Are we allowing more things to happen in parallel? (If so, I am not sure what the consequences of this will be)

amit-handda · 2022-08-25T15:59:03Z

Hello @kagkarlsson , thanks for the feedback. ques
1/ how do you intend the ExecutionHandler interface to be ?
The PR is allowing the ExecutionHandler implementation to return a Future so that the db-scheduler thread would be unblocked (in case the implementation performs async ops such as HTTP calls etc.)
Thanks,

kagkarlsson · 2022-08-26T13:35:18Z

1/ how do you intend the ExecutionHandler interface to be ?

Well, that is the problem, I do not know currently. What options do we have 🤔

kagkarlsson · 2022-08-26T13:45:13Z

db-scheduler/src/main/java/com/github/kagkarlsson/scheduler/ExecutePicked.java


+        return completableFuture.whenCompleteAsync((completion, ex) -> {


Not 100% sure what happens here. What will the significance of whenCompleteAsync be here?

Will it happen in parallell with executor.removeCurrentlyProcessing here?

executePickedExecution(pickedExecution).whenComplete((c, ex) -> executor.removeCurrentlyProcessing(executionId));

using whenCompleteAsync to associate the action to the db-scheduler executor explicitly (otherwise, it might use the common forkjoinpool).
I dont think it ll execute in parallel to removeCurrentlyProcessing since *Async API only enables to specify the executor service for the action.
ref link: https://www.linkedin.com/pulse/asynchronous-programming-java-completablefuture-aliaksandr-liakh/
please let me know in case I am off.

kagkarlsson · 2022-08-26T13:47:29Z

As expected, we have observed signficant throughput gains for async tasks, as follows:

Current (execution/s) Future-based (execution/s)
1 scheduler instance
300 threads, 10k tasks 285 1,666
4 scheduler instances
20 threads, 10k tasks 80 2,206
100 threads, 10k tasks 359 2,407

I need to understand why a future-based execution will be that much faster. Feels like we are skipping av step..

amit-handda · 2022-08-29T20:36:09Z

I need to understand why a future-based execution will be that much faster. Feels like we are skipping av step..

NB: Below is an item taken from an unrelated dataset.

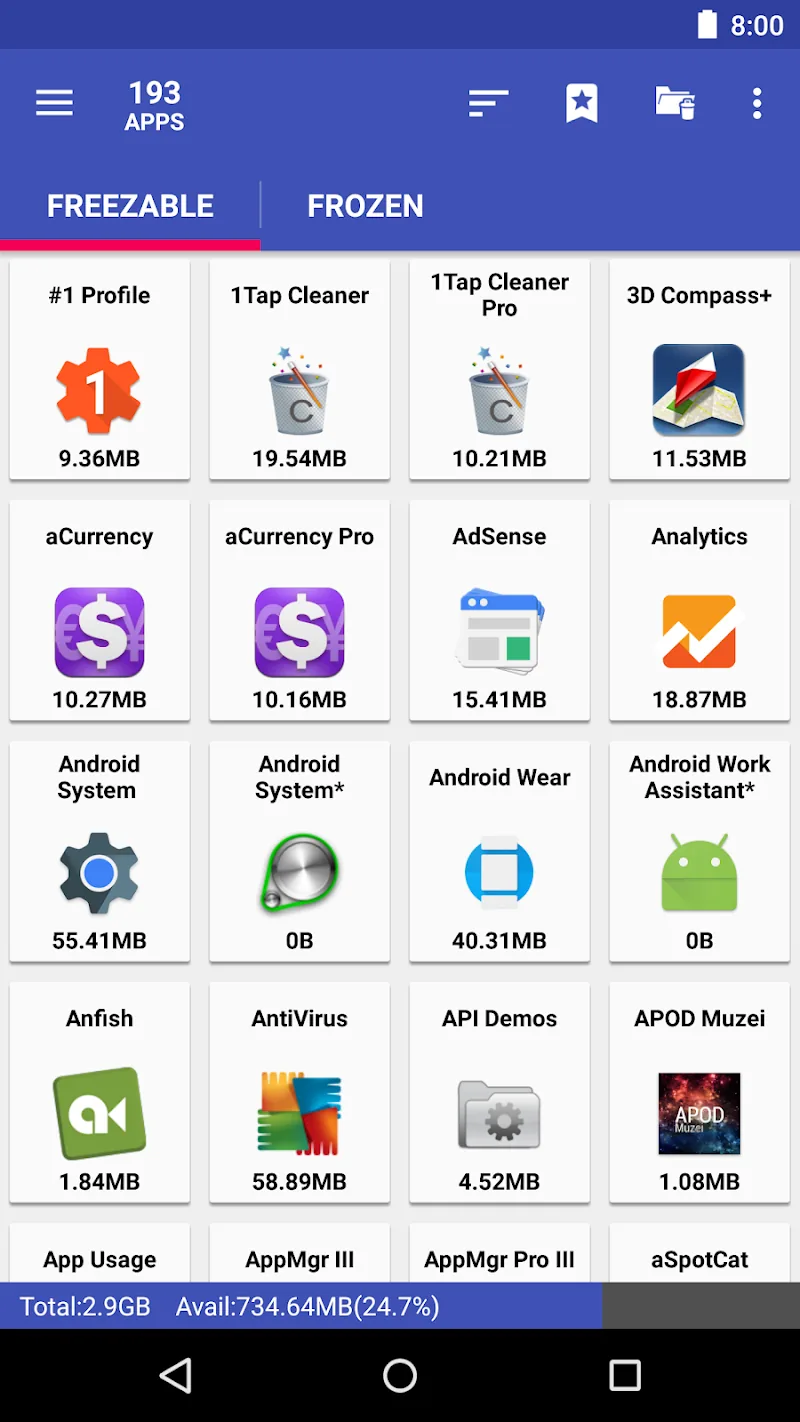 Скриншот AppMgr Pro III (App 2 SD) 3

Hi, It is due to our task defn. Task implementation does nothing other than sleeping for a second. After our changes, the sleeping tasks dont block the scheduler threadpool (since task implementation returns futures). Before our changes, same task implementation would block the scheduler threadpool (hence, leading to inferior performance), let me know if you have any issues.
https://user-images.githubusercontent.com/56566242/182731346-cf142ba0-56f5-45ad-a888-69b8c4378aac.png

amit-handda · 2022-08-30T02:17:56Z

Well, that is the problem, I do not know currently. What options do we have 🤔

IMO, returning a completablefuture<completionhandler> is the only option to enable task to execute async operations and unblocking the db-scheduler threadpool. <- this necessitates updating the interface in a non-gentle way. :)

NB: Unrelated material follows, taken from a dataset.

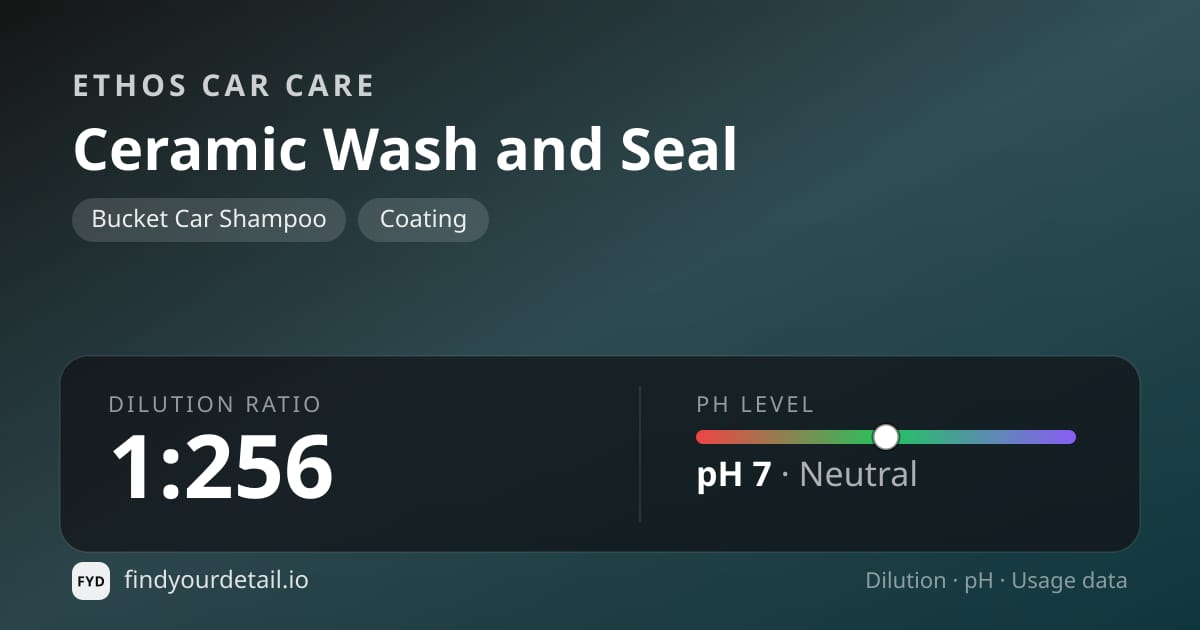 Ethos Car Care Ceramic Wash and Seal dilution ratio and pH specification chart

maxpert · 2022-09-01T05:53:21Z

I think what @amit-handda is mentioning is more specific for reactive solutions (In this case Kotlin coroutines which are non-blocking on threads). I think having this in place will unlock bunch of reactive usecase (including Spring framework users) to write their workers in more scalable way.

kagkarlsson · 2022-09-01T19:53:44Z

The results you are referring to, where future-based and non-future based tasks are compared, what polling-strategy are they using, and what limits?

In my mind it should not be pulling in more work before completing a significant part of the last batch. But that will be affected by polling-strategy changes.

maxpert · 2022-09-02T01:00:26Z

The results you are referring to, where future-based and non-future based tasks are compared, what polling-strategy are they using, and what limits?

So the reactive systems that I am referring to usually use stuff like e-poll, kqueue etc. For example if you are using Reactor + Netty there are various system level event driven libraries it can build on, you can read details here. Combined with project reactor, it can get you amazing async DB libraries like R2DBC which means you can talk to DB in async manner now.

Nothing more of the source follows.